Los resultados preliminares de la investigación sobre el grave accidente ferroviario en Adamuz apuntan a que la causa principal estaría relacionada con la rotura de una soldadura en el carril, más que con un fallo estructural del propio rail. Según Ignacio Barrón, presidente de la CIAF, «todo parece evidenciar que el origen de esta tragedia ha sido la rotura, no tanto del carril, como de una soldadura».
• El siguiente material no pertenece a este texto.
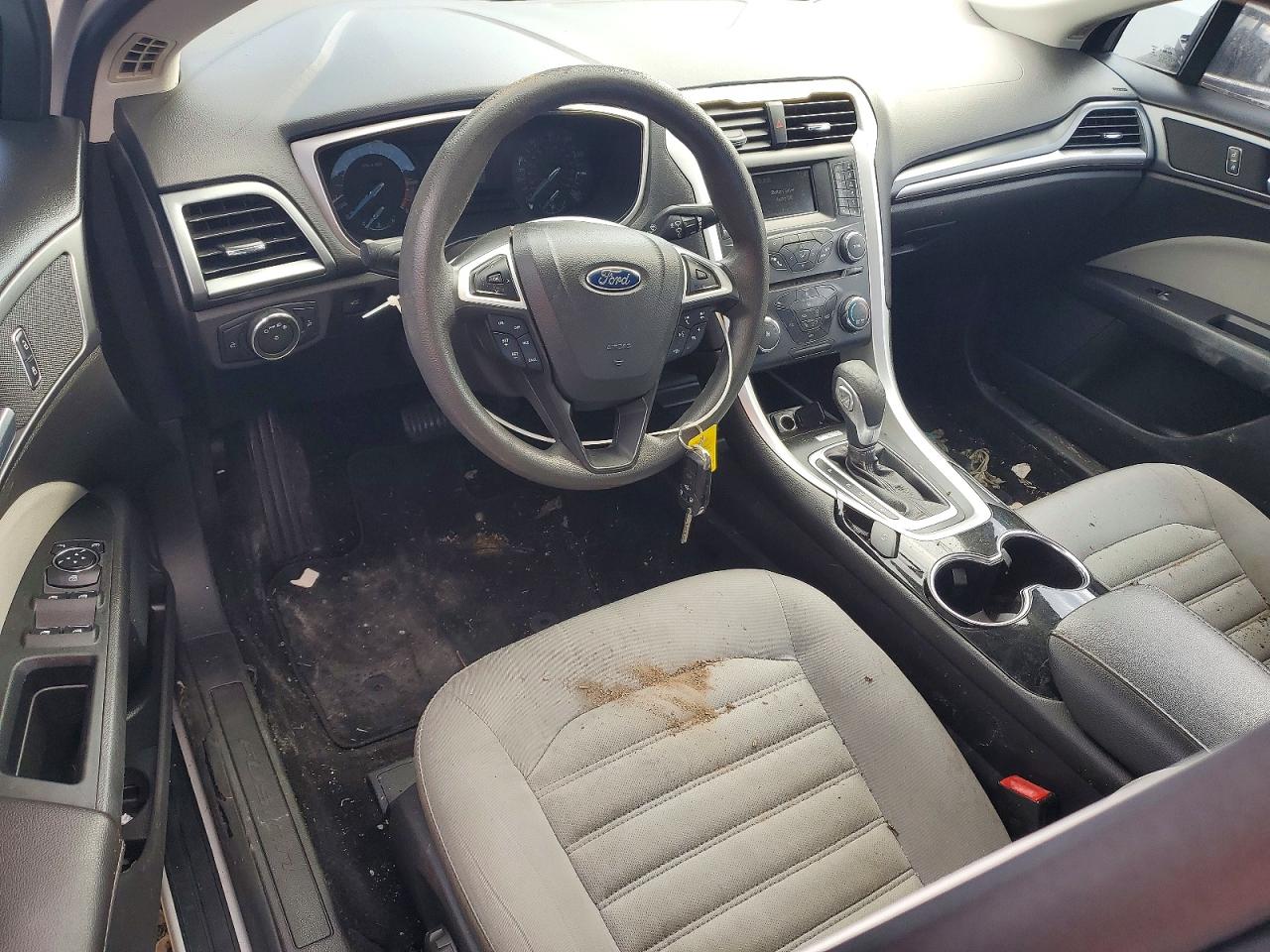 2015 FORD FUSION S photo 8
Las primeras conclusiones sitúan el foco en la zona de afectación térmica de la soldadura, un punto especialmente sensible desde el punto de vista técnico. Juan Vicente, director técnico del CESOL (Centro de Estudios y Experimentación de Obras Públicas), coincide en que el problema se localiza en esa área crítica. A pesar de que algunas hipótesis iniciales apuntaban a la unión de un carril antiguo y uno nuevo, los expertos han descartado que esta práctica en sí misma sea problemática. «Es algo muy habitual en la red ferroviaria, pero hay que hacerlo bien», subrayan.
Posibles fallos en la ejecución de la soldadura
Barrón ha indicado que la clave del incidente podría residir en una ejecución defectuosa de la soldadura. «No debería ser un problema si se hace correctamente, pero todo apunta a que algo falló en ese proceso», afirma. Además, recordó que los responsables aseguraron que toda la línea había sido reparada, lo que plantea interrogantes sobre los controles posteriores realizados.
Desde el CESOL añaden que, si existiera un defecto en la soldadura, debería haberse detectado en los controles de calidad. Sin embargo, otros expertos discrepan. Algunos responsables de la infraestructura defienden que la vía pasó todas las inspecciones y que incluso una auscultación realizada el día anterior no habría detectado el fallo. No obstante, varios ingenieros cuestionan esta afirmación.
La falta de mantenimiento, un factor a considerar
El presidente de la Asociación de Ingenieros de Caminos, José Trigueros, apunta directamente a una falta de mantenimiento. Según explica, no se habría realizado el paso del tren auscultador, un sistema que utiliza ultrasonidos para detectar fisuras internas invisibles a simple vista. «Ese tipo de inspección habría permitido identificar el problema con antelación», asegura.
Las investigaciones continúan abiertas y los expertos coinciden en que será necesario llegar hasta el final para esclarecer con precisión qué ocurrió aquella tarde y depurar responsabilidades. Este incidente ha puesto de manifiesto la importancia de mantener estándares de calidad y seguridad en la infraestructura ferroviaria, recordando que la seguridad de los ciudadanos debe ser siempre la prioridad.